#### Exercise data:
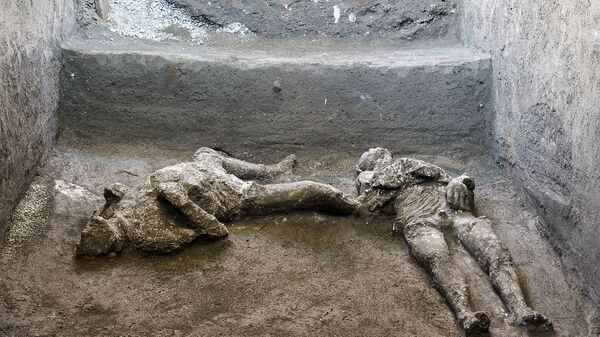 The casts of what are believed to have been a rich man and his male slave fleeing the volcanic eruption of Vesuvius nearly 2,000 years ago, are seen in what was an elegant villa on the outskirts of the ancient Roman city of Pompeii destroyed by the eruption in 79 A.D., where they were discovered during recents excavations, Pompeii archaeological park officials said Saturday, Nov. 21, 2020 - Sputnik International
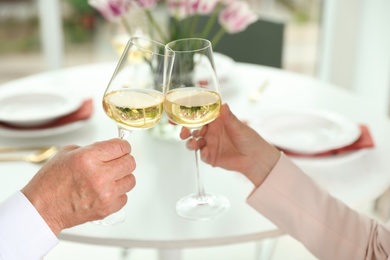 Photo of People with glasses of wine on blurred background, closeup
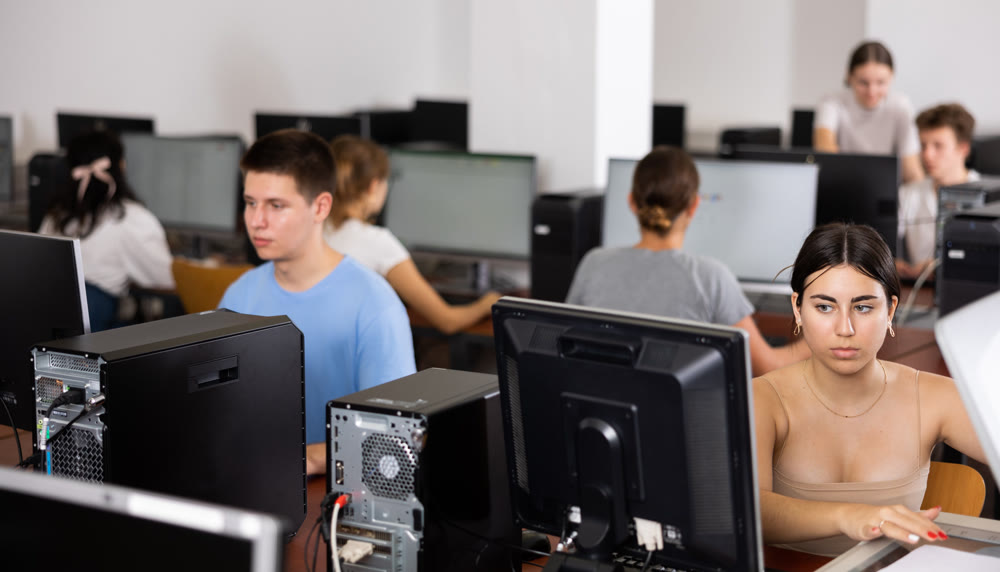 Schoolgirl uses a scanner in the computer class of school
---
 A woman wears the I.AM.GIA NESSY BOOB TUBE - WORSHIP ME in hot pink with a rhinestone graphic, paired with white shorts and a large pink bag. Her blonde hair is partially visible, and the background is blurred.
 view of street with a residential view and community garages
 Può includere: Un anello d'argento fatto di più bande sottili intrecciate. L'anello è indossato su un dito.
...
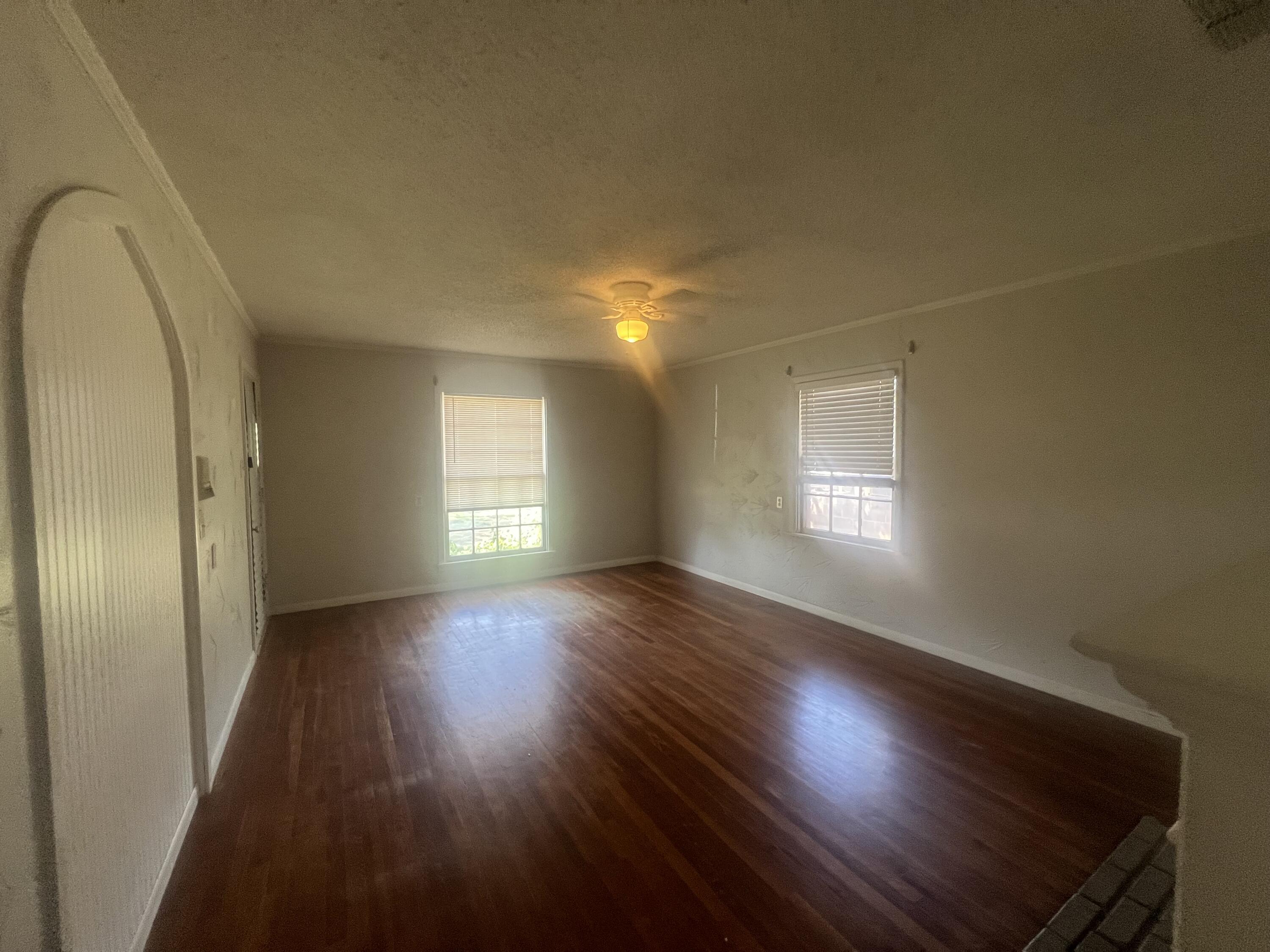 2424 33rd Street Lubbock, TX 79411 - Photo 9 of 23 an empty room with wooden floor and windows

#### Exercise aim:
Using the records above, print exactly the lines between the ones containing "The casts of" and "Schoolgirl uses a", inclusive, and nothing else; no pictures.

#### Completed exercise:
 The casts of what are believed to have been a rich man and his male slave fleeing the volcanic eruption of Vesuvius nearly 2,000 years ago, are seen in what was an elegant villa on the outskirts of the ancient Roman city of Pompeii destroyed by the eruption in 79 A.D., where they were discovered during recents excavations, Pompeii archaeological park officials said Saturday, Nov. 21, 2020 - Sputnik International
 Photo of People with glasses of wine on blurred background, closeup
 Schoolgirl uses a scanner in the computer class of school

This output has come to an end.